#### SUPPLIED RECORDS

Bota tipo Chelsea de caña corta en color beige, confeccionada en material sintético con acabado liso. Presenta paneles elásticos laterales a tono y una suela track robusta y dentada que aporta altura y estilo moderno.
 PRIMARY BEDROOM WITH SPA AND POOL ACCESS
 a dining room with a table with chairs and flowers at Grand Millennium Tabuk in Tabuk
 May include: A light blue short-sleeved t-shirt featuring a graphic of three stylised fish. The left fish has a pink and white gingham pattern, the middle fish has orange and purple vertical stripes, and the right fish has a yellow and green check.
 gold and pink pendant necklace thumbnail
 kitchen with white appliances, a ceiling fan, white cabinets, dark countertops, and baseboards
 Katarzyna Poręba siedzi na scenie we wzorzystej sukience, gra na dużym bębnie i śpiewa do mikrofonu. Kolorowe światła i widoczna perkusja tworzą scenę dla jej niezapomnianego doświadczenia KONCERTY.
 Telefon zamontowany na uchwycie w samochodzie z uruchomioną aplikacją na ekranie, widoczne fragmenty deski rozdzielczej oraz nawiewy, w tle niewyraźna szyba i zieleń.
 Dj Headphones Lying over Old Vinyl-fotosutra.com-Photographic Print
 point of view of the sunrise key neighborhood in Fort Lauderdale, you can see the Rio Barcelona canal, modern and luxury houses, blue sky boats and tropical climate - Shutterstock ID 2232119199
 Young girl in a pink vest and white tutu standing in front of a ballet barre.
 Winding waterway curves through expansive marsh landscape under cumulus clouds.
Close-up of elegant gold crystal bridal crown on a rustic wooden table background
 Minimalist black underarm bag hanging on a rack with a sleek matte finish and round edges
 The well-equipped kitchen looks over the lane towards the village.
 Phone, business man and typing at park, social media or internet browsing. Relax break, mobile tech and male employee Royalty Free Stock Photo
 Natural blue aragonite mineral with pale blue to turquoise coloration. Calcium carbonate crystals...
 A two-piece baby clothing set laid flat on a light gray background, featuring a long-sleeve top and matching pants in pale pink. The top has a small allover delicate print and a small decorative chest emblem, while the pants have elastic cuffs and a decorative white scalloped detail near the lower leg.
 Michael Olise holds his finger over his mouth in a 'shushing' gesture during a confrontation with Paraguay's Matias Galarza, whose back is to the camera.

########

EXERCISE OBJECTIVE: For each line in the material above that holds the word "pale", add one to a count; state only the final number.

WRITTEN SOLUTION: 2